Page MenuHomePhabricator

See if we can borrow parts of the wikiprod WAF for Toolforge
Open, HighPublic

Description

We should see if we can re-use parts of the wikiprod WAF stack to reduce impact of scrapers on Toolforge tools. In particular, the tools-infrastructure-team meeting pointed out that the requestctl interface for managing rules as well as the traffic (cloud) source classification data could be useful.

Event Timeline

Restricted Application added a subscriber: Aklapper. · View Herald Transcript

One of the big things that makes hiddenparma useful on the prod edge is the webrequest-live traffic analysis dashboard on superset.wikimedia.org. I'm sure that we can benefit from the etcd managed rule sets without that traffic visibility, but having it really makes the whole prod edge management system work.

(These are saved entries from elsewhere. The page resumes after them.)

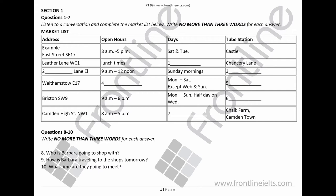You will hear a number of different recordings, and you have to answer questions on what you hear. There'll be time for you to read instructions and questions, and you have a chance to check your work. All the recordings will be played only once. The test is in four sections. At the end of the test, you will be given ten minutes to transfer your answers to an answer sheet.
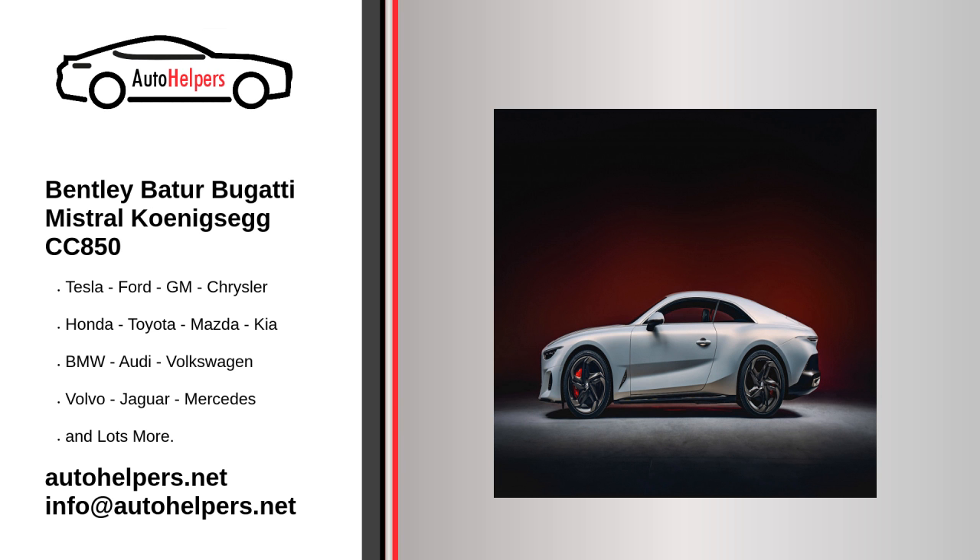Audi this week confirmed it will enter Formula 1, and we got a mock-up of what an Audi F1 car might look like. The automaker's first season will be 2026, when new power unit rules are due to be introduced.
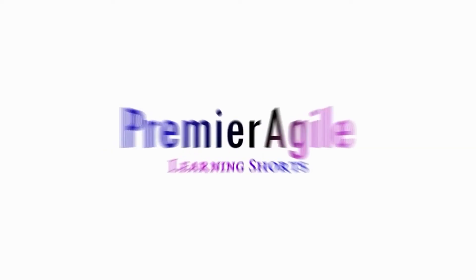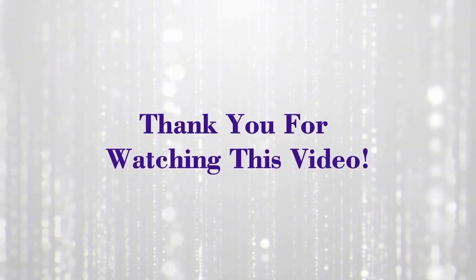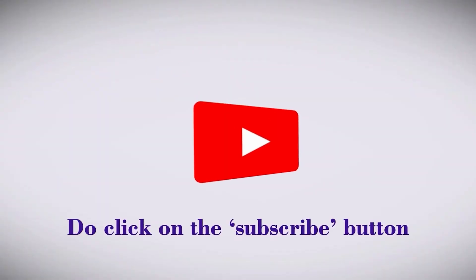Stay tuned for more Premier Agile learning shorts. Thank you for watching this video — click on the subscribe button to get an alert for new Premier Agile learning shorts.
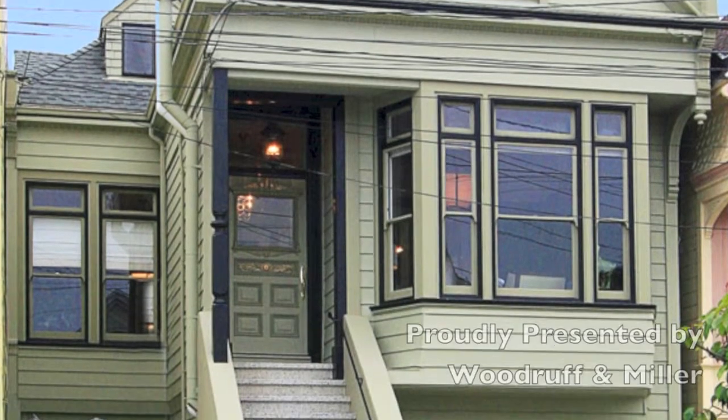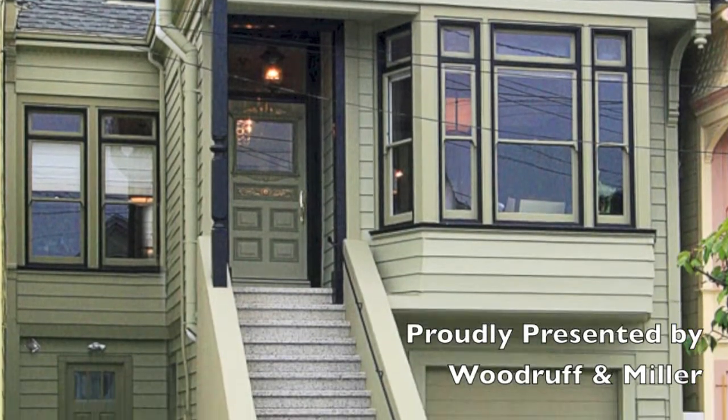128 4th Avenue is proudly presented by Woodruff & Miller with Hill & Co. Real Estate.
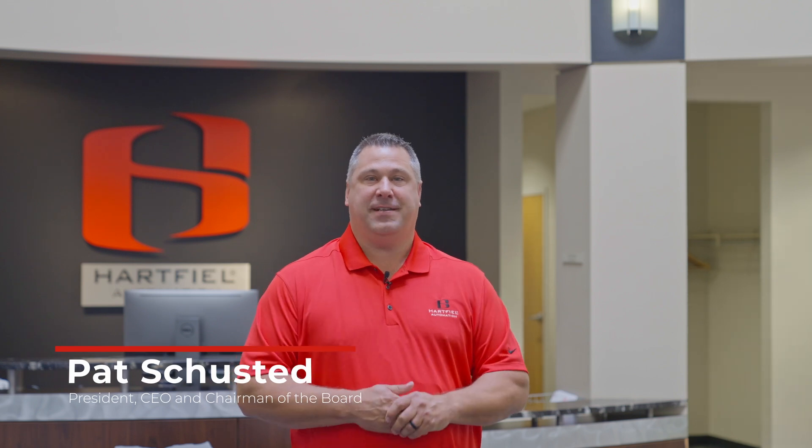Hi, this is Pat Shustead, President and CEO of Hartfield Automation. Today is our demonstration of our technology showcase.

taavi triaged this task as High priority.Nov 12 2025, 3:04 PM

the requestctl interface for managing rules as well as the traffic (cloud) source classification data could be useful

This was discussed during the recent WE5+6 offsite, and IIUC @Joe thinks that requestctl and hiddenparma are too tailored to production use cases to be easily reusable, but other parts of the production tool set might be reusable more easily (namely Lua rules used to filter traffic in haproxy).

the webrequest-live traffic analysis dashboard on superset.wikimedia.org

This was also discussed, and it should be possible to replicate the kafka-based log ingestion in cloud to get a similar level of observability for cloud traffic. A more lightweight alternative could be https://goaccess.io/